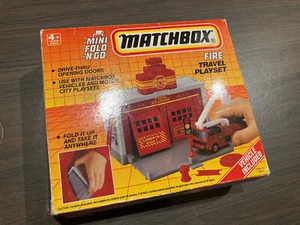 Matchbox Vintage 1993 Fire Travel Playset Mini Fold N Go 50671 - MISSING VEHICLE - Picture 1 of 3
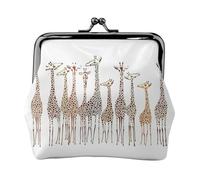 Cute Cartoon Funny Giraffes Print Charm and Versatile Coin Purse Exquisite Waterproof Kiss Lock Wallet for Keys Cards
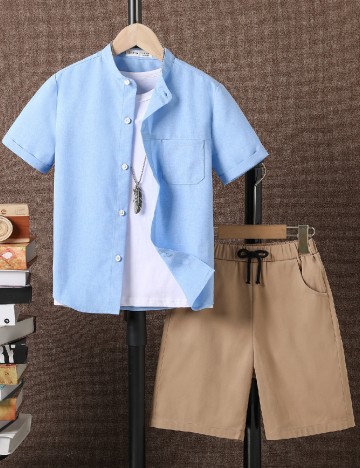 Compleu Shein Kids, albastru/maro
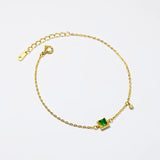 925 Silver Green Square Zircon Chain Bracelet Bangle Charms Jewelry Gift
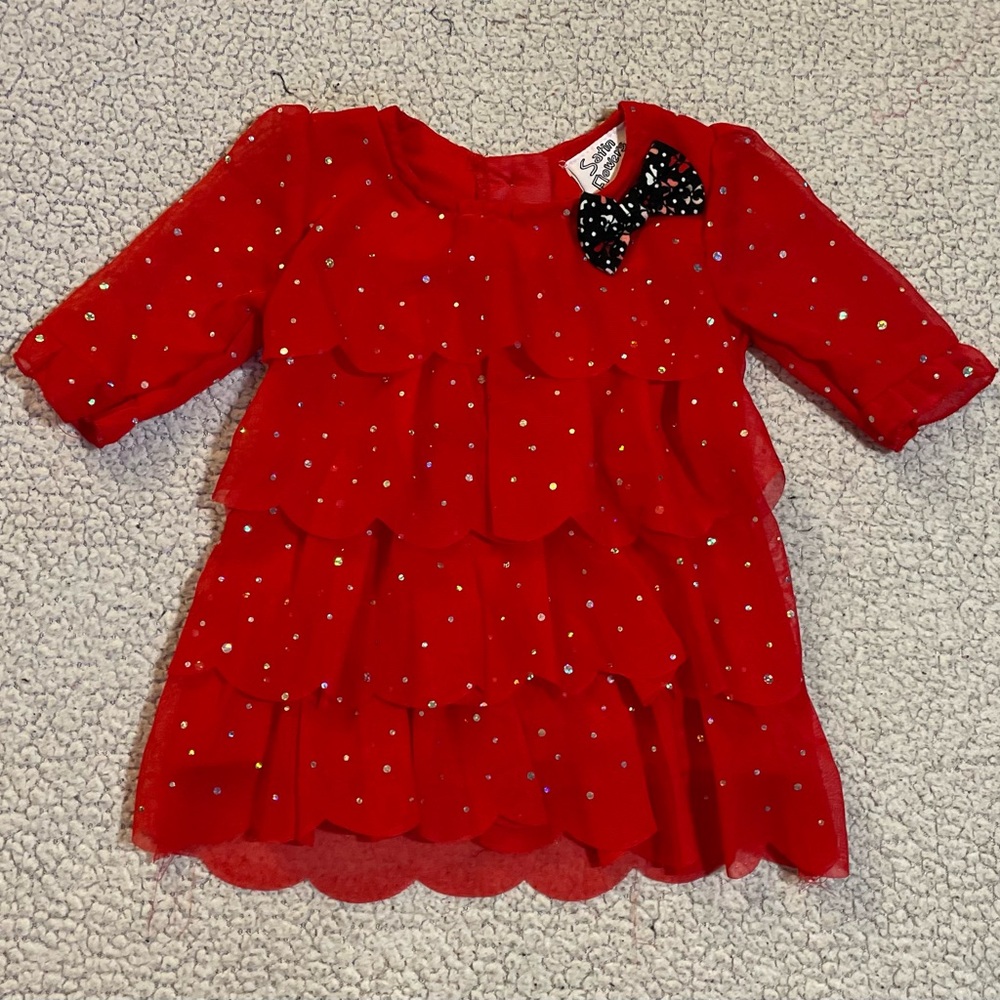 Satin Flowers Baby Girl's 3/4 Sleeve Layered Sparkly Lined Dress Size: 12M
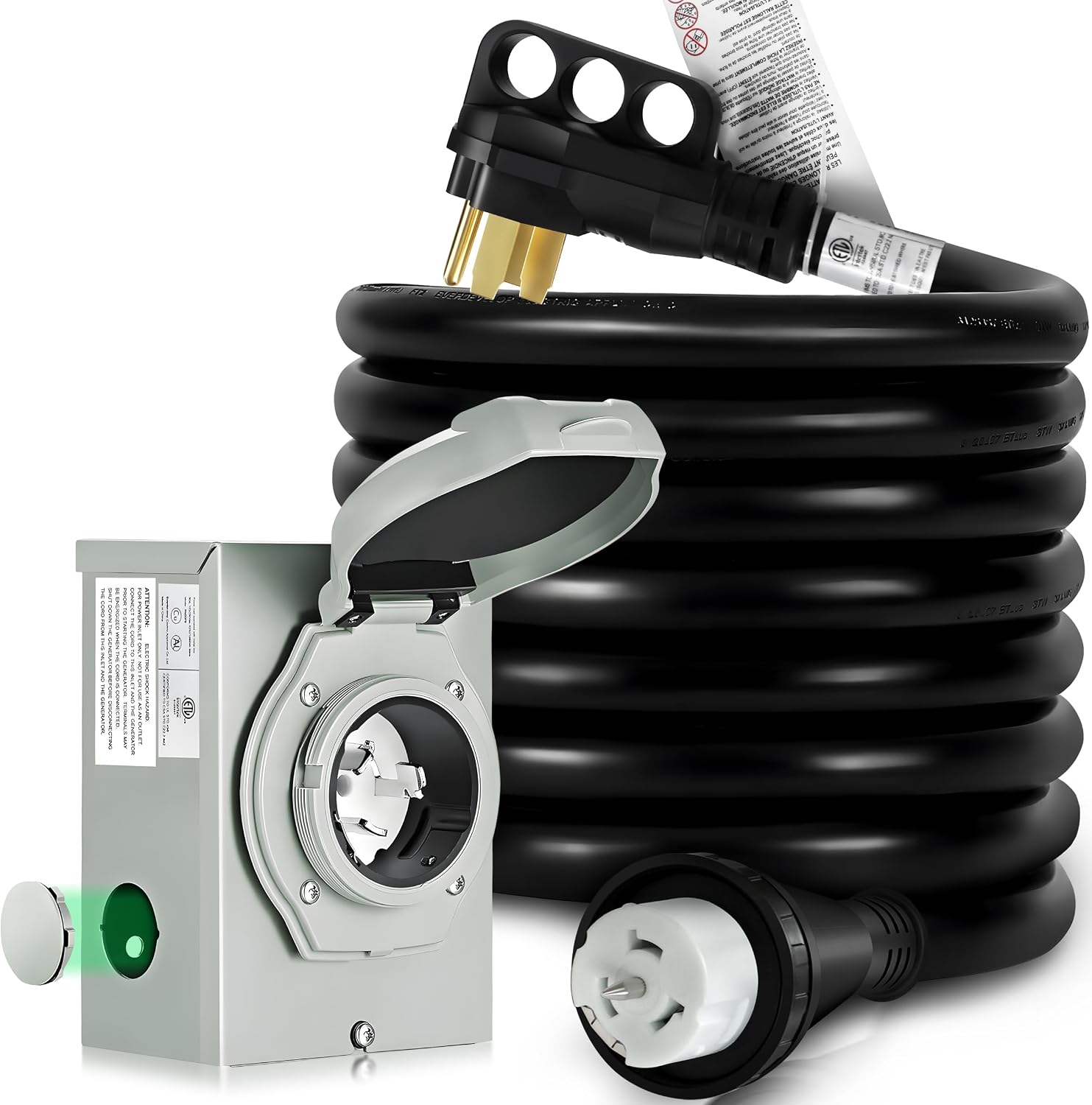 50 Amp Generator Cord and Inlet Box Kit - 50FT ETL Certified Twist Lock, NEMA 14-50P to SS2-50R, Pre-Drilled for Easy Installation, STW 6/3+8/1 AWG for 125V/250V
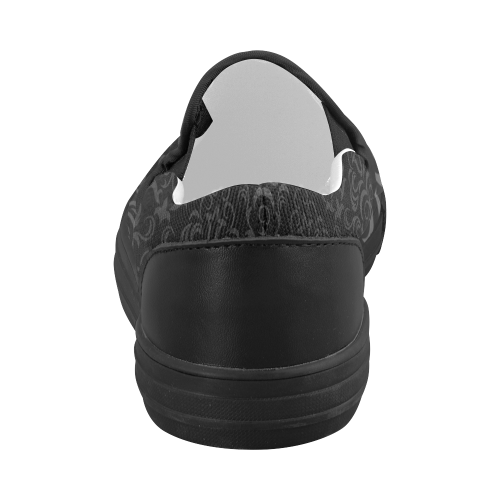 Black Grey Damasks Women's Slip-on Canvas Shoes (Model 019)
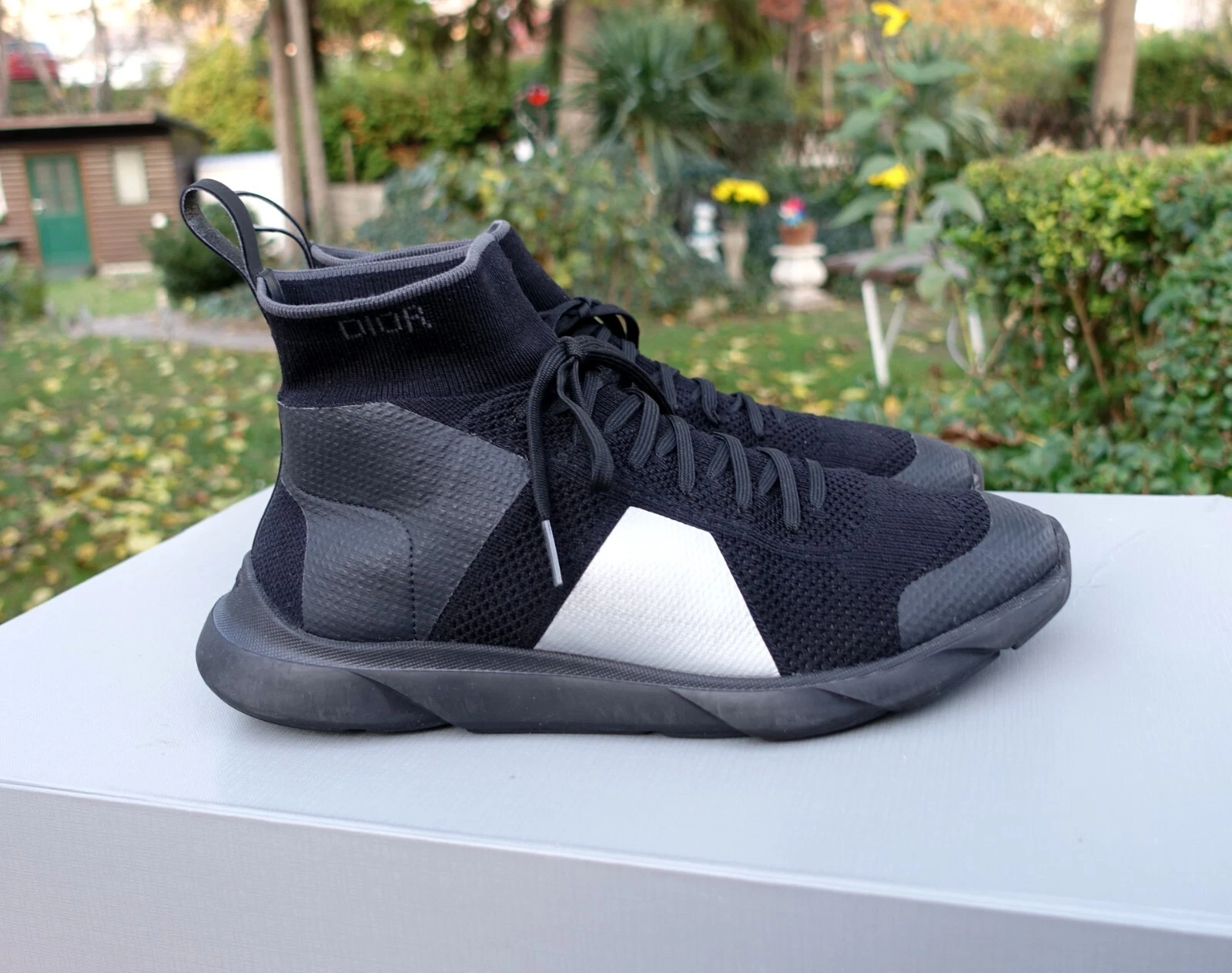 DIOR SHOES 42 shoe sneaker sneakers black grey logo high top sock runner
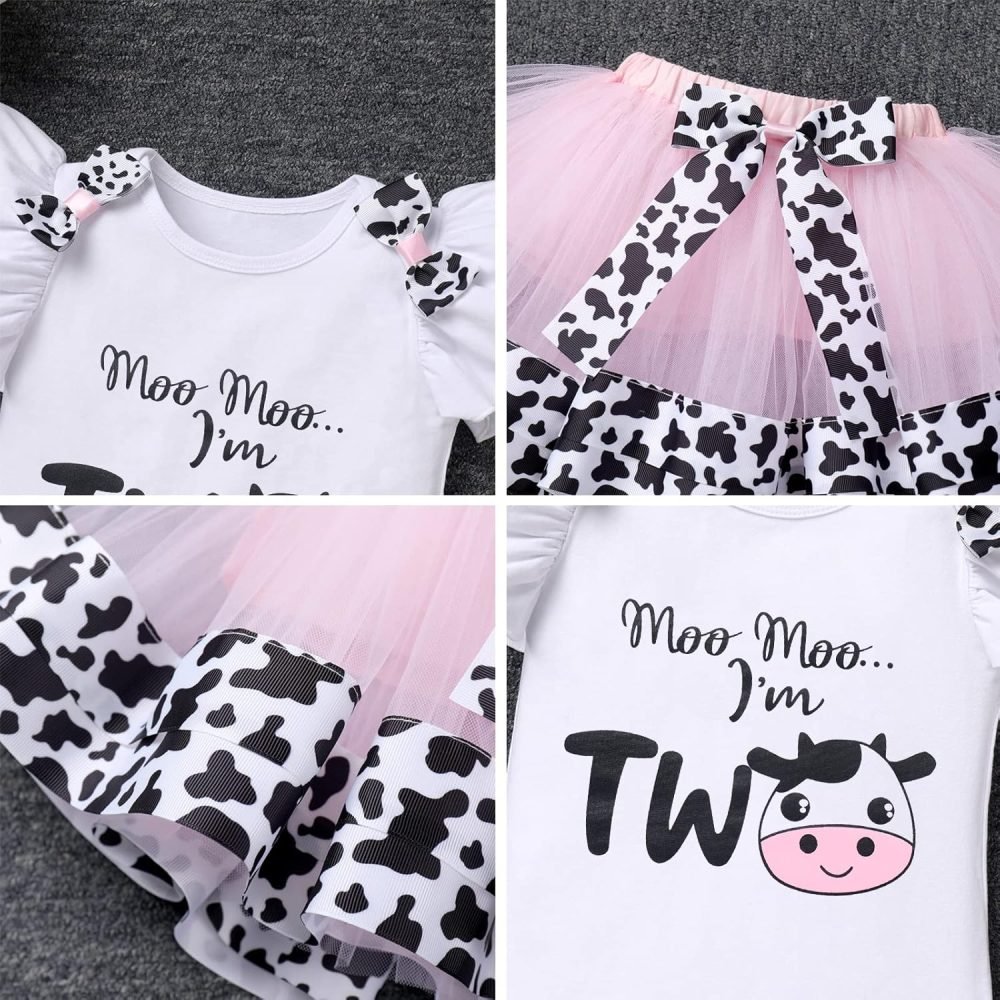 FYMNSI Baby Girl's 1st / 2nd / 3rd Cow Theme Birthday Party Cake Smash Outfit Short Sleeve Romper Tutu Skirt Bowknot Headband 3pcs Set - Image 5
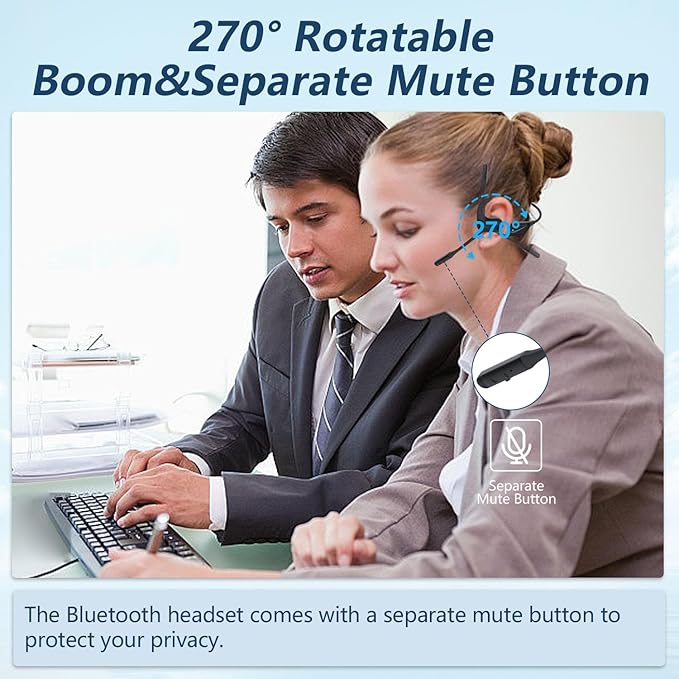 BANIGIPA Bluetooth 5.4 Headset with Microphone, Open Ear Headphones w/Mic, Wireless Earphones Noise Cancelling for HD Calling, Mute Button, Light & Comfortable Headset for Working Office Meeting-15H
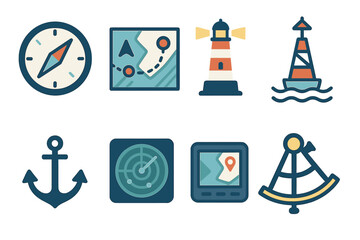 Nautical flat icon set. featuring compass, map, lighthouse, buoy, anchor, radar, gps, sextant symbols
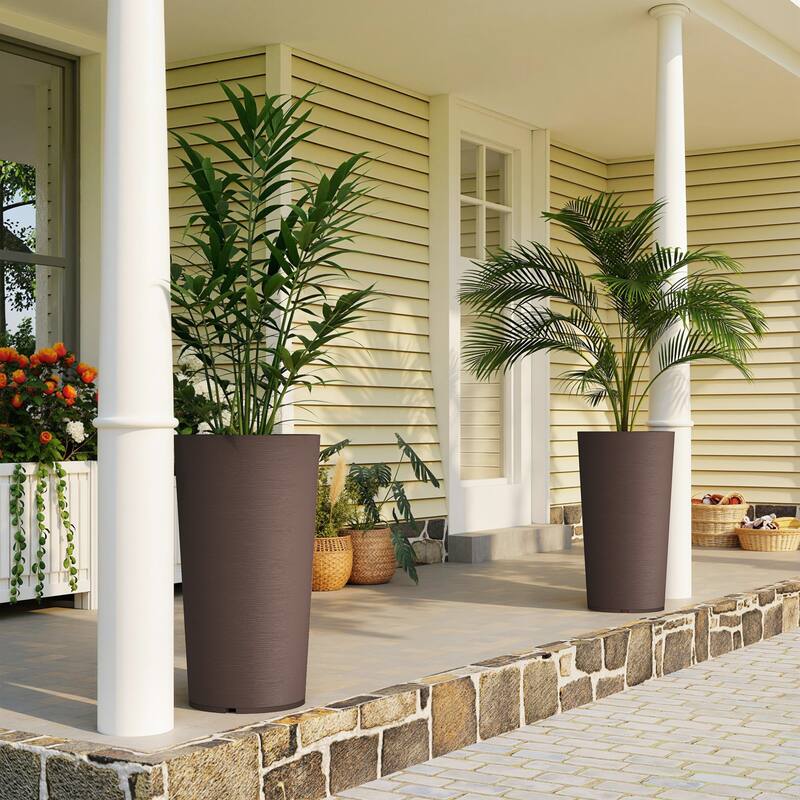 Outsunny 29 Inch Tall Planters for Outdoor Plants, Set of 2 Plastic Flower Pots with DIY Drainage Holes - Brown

# # #

__Problem statement__
The stretch to restate runs from the line above containing "50 Amp Generator" through the line containing "FYMNSI Baby Girl's". Copy it word for word, ends included, without pictures.

__The completed task__
 50 Amp Generator Cord and Inlet Box Kit - 50FT ETL Certified Twist Lock, NEMA 14-50P to SS2-50R, Pre-Drilled for Easy Installation, STW 6/3+8/1 AWG for 125V/250V
 Black Grey Damasks Women's Slip-on Canvas Shoes (Model 019)
 DIOR SHOES 42 shoe sneaker sneakers black grey logo high top sock runner
 FYMNSI Baby Girl's 1st / 2nd / 3rd Cow Theme Birthday Party Cake Smash Outfit Short Sleeve Romper Tutu Skirt Bowknot Headband 3pcs Set - Image 5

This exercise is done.